This article was provided by the Ontario Mining Association (OMA), an organization that was established in 1920 to represent the mining industry of the province.
Ontario Minister of Labour Yasir Naqvi has announced the launch of a comprehensive mining safety review to further improve the health and well-being of mineral industry employees. Starting in 2014, Chief Prevention Officer George Gritziotis will lead an advisory panel of industry, labour and health and safety representatives to engage in a collaborative evidence-based review.
“This collaborative safety review follows up on recommendations from the Dean expert panel,” said Ontario Mining Association President Chris Hodgson. “Mining is one of the safest industries in the province and it has demonstrated steady and significant improvement in its safety performance for decades. This review can help sustain that improvement and move the industry closer to its goal of zero harm while helping to prepare for future growth and innovations.”
“Improving mine safety and making sure our miners go home to their families at the end of their shift is what this mining review is all about,” said Mr. Naqvi. “I know that all of our partners share this goal and recognize that it is time for a thorough, evidence-based review of mining safety across the province that will get meaningful results for miners and their families.”

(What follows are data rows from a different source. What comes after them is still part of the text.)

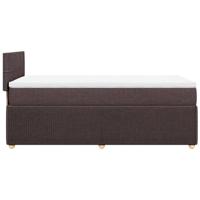 Boxspring met matras stof donkerbruin 80x200 cm - thumbnail
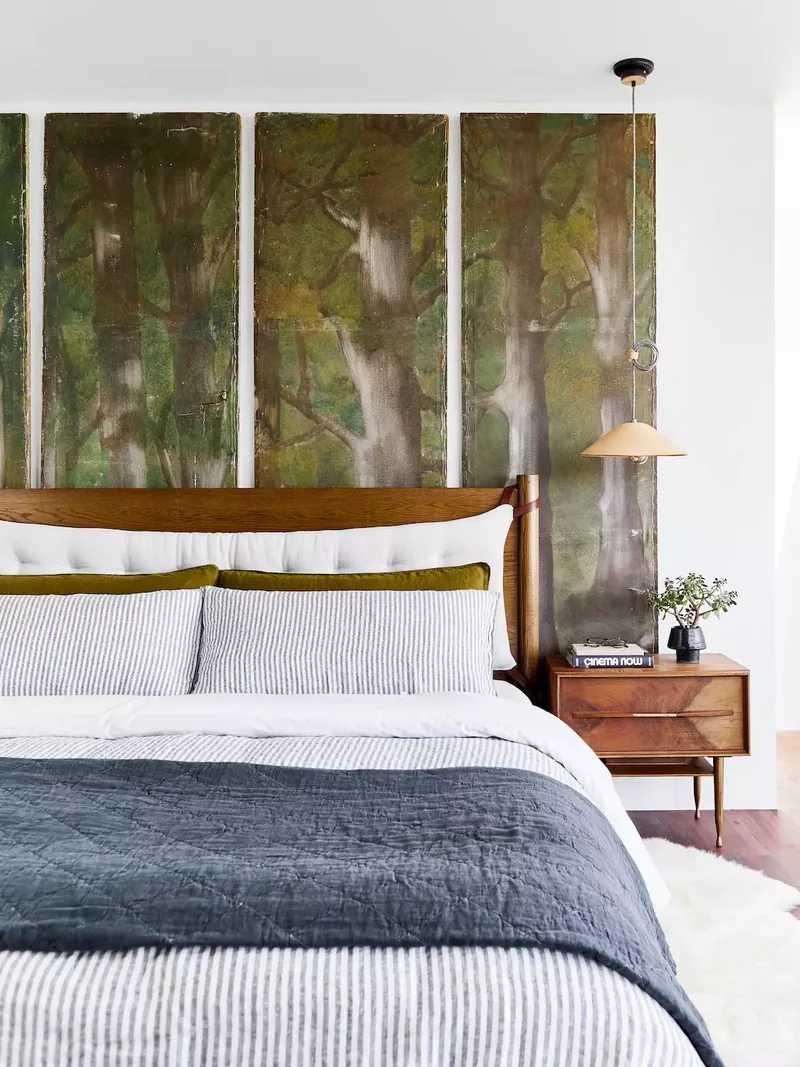 66 Creative Ways to Decorate Above Your Bed Beautifully 58 Quadriptych Tree Art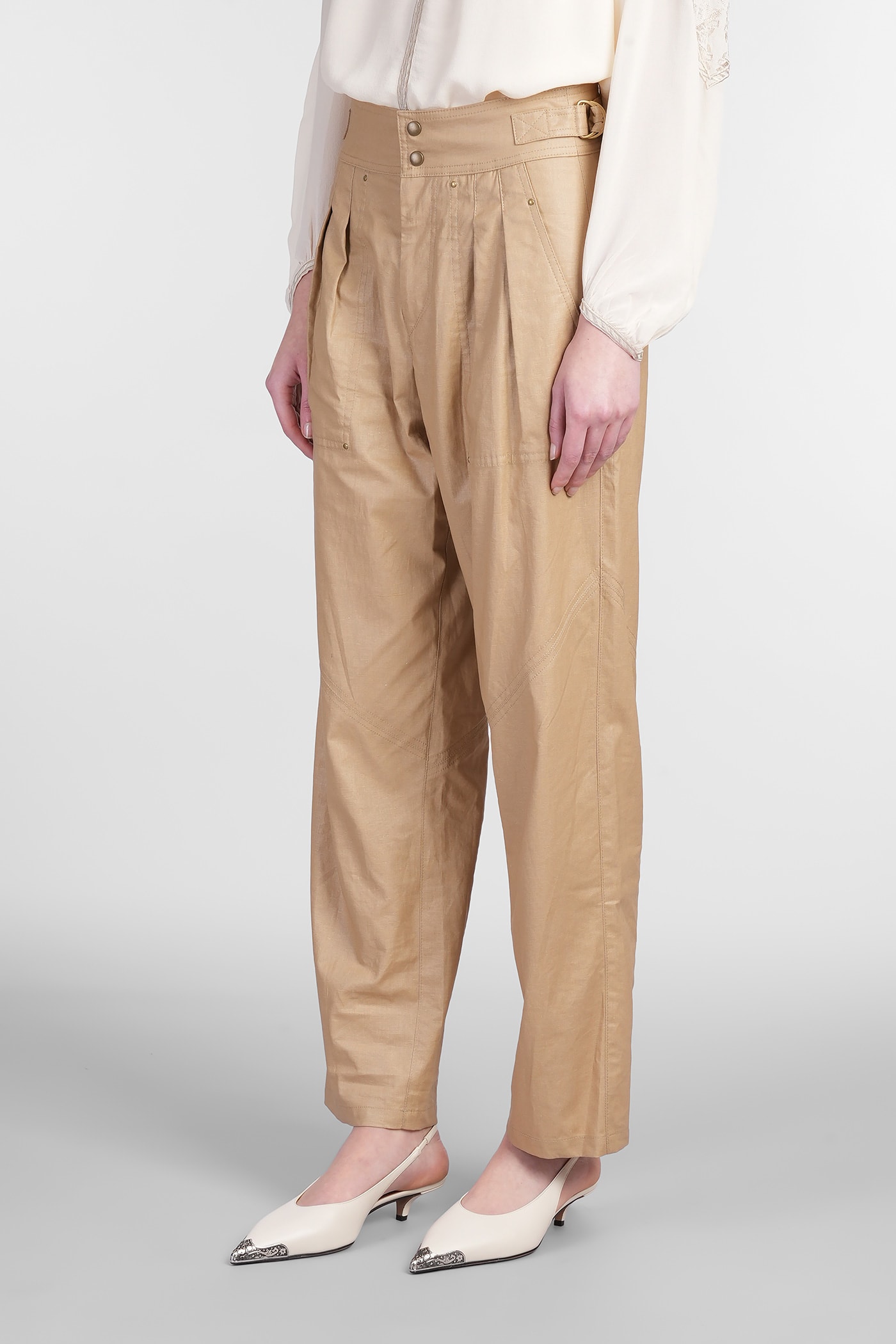 Isabel Marant Fidji Pants In Beige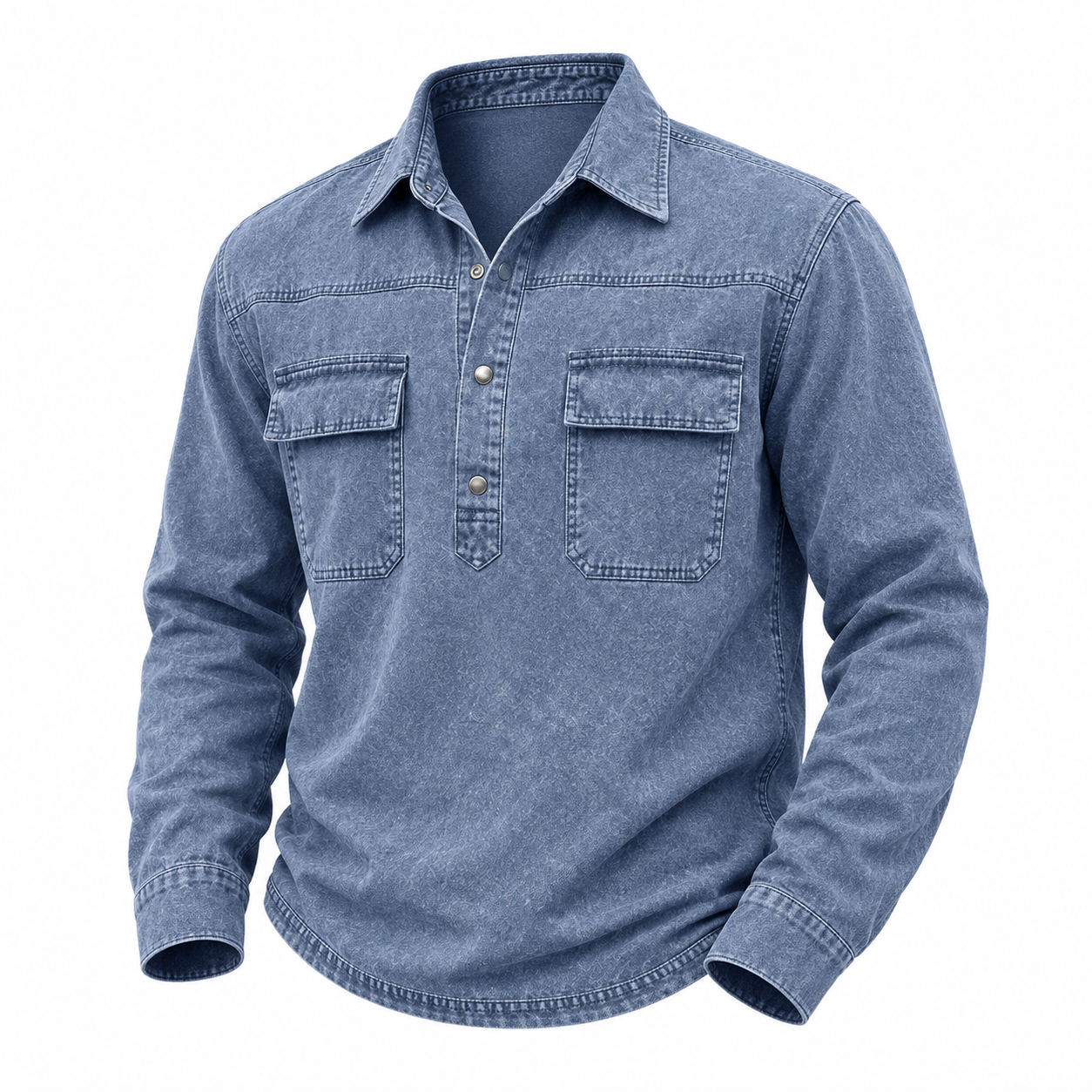 Broken-In Comfort Cotton Polo Shirt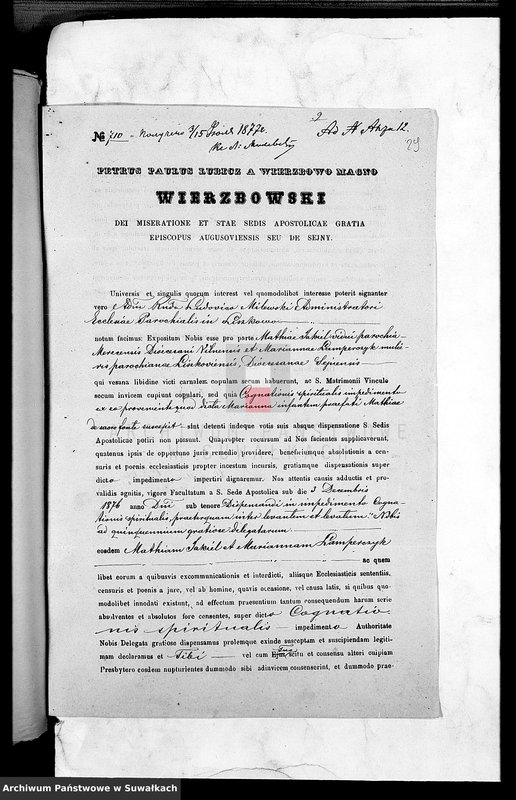 image.from.unit.number "Dokumenty brakosočetavšichsja lic Liškovskago Prichoda za 1877 god"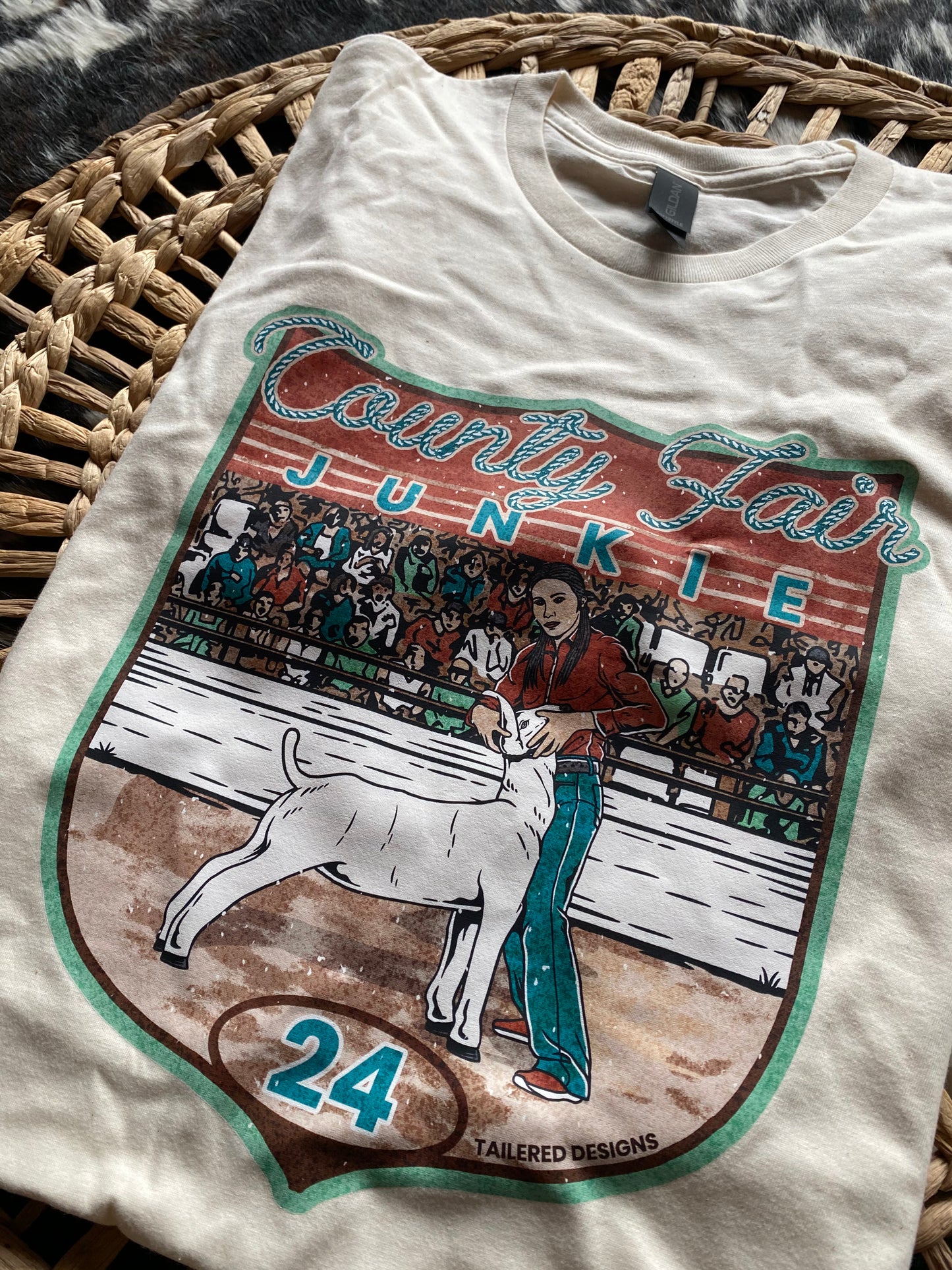 County Fair Junkie Tee: Goat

“Ensuring the safety of Ontario’s 27,000 mine workers is certainly one of my top priorities,” said Ontario Minister of Northern Development and Mines Michael Gravelle. “I applaud the strong effort that our government has made to ensure that one of Ontario’s safest industries remains that way.”

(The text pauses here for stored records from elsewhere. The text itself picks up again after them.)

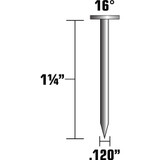 Metabo HPT 12111HPT  1-1/4" x 0.120"  Smooth Shank Full Round Head Electro Galvanized Wire Coil 16° High Wire Roofing Nails - 7200 per Box Image 1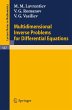 Multidimensional Inverse Problems for... - Bild 1
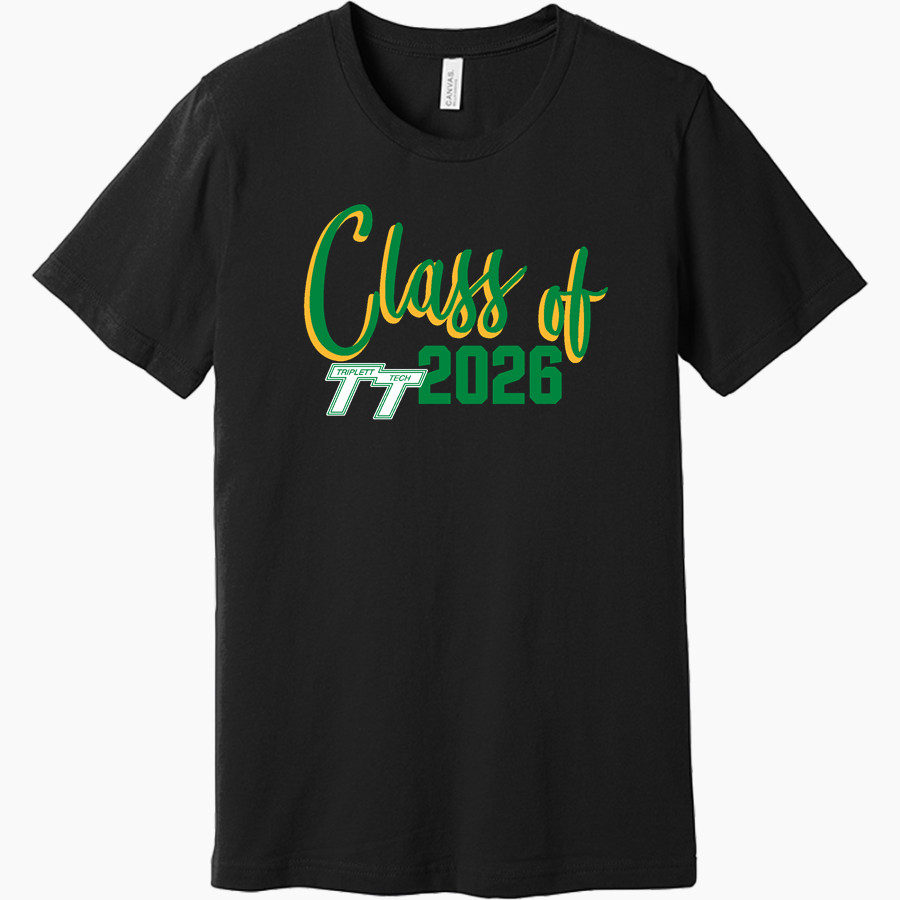 Triplett Tech <span class="pdp-name-mascot">Triplett Business and Technical Institute</span> BELLA+CANVAS Unisex Jersey Short Sleeve Tee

Specific areas being reviewed by the panel will include exploring technological advances such as new bolting and reinforcement techniques to prevent rock bursts; assessing current health and safety regulations and enforcement mechanisms to compare their effectiveness with regulations in other jurisdictions; and examining the education and training of employers, supervisors, and workers on injury prevention to identify skills shortages and gaps in qualified health- and safety-related expertise.
Other subjects to be addressed include ensuring appropriate ground stability and water management practices are in place and examining the use of warning systems and barricades. Ontario’s mining industry is one of the safest mining jurisdictions in the world. The sector’s safety performance outpaces many other sectors.
Since the Royal Commission Reports of Ham in 1976 and Burkett in 1981, Ontario’s mining sector has increased its focus on ensuring workers receive the best training available. According to an economic study by the University of Toronto – Mining: Dynamic and Dependable for Ontario’s Future – the mining industry in this province invests $1,800 per employee annually in training and health and safety initiatives.
Overall, employees in the Ontario mining industry are safe, highly skilled, highly paid and highly productive. While the safety performance of Ontario’s mining industry day-in and day-out is certainly worthy of recognition, no one in the industry would consider it good enough until it reaches zero harm. Collective efforts on many fronts involving employers, workers, unions, safety agencies, such as Workplace Safety North and the Prevention Council, and government are being taken to reach that goal. This safety review is a welcome and additional measure to help the industry collectively achieve that goal.